**Given data**.
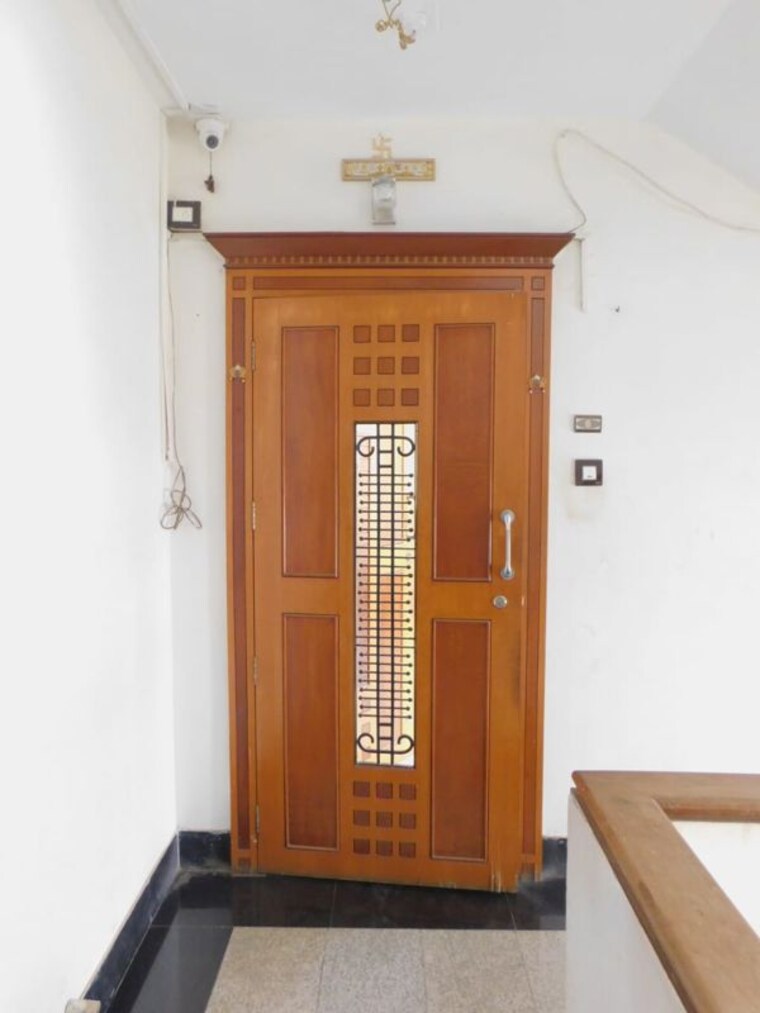 undefined, juhu 2 Bedroom 1100 Sq.Ft. Apartment In Juhu Mumbai 10354156
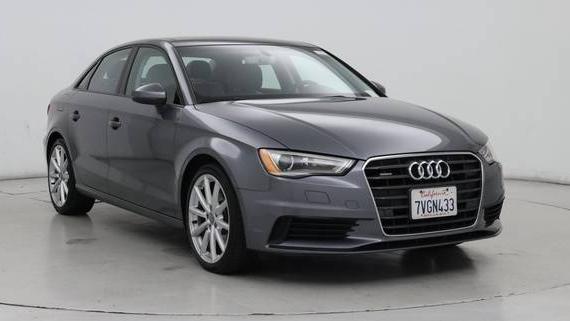 AUDI A3 2016 WAUB8GFF9G1036261 image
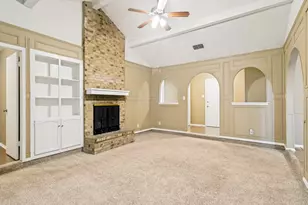 3300 Heritage Ln, Forest Hill, TX 76140 - Photo 2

**Assignment**. Could you give the listing again exactly, minus its pictures?

**Worked solution**.
 undefined, juhu 2 Bedroom 1100 Sq.Ft. Apartment In Juhu Mumbai 10354156
 AUDI A3 2016 WAUB8GFF9G1036261 image
 3300 Heritage Ln, Forest Hill, TX 76140 - Photo 2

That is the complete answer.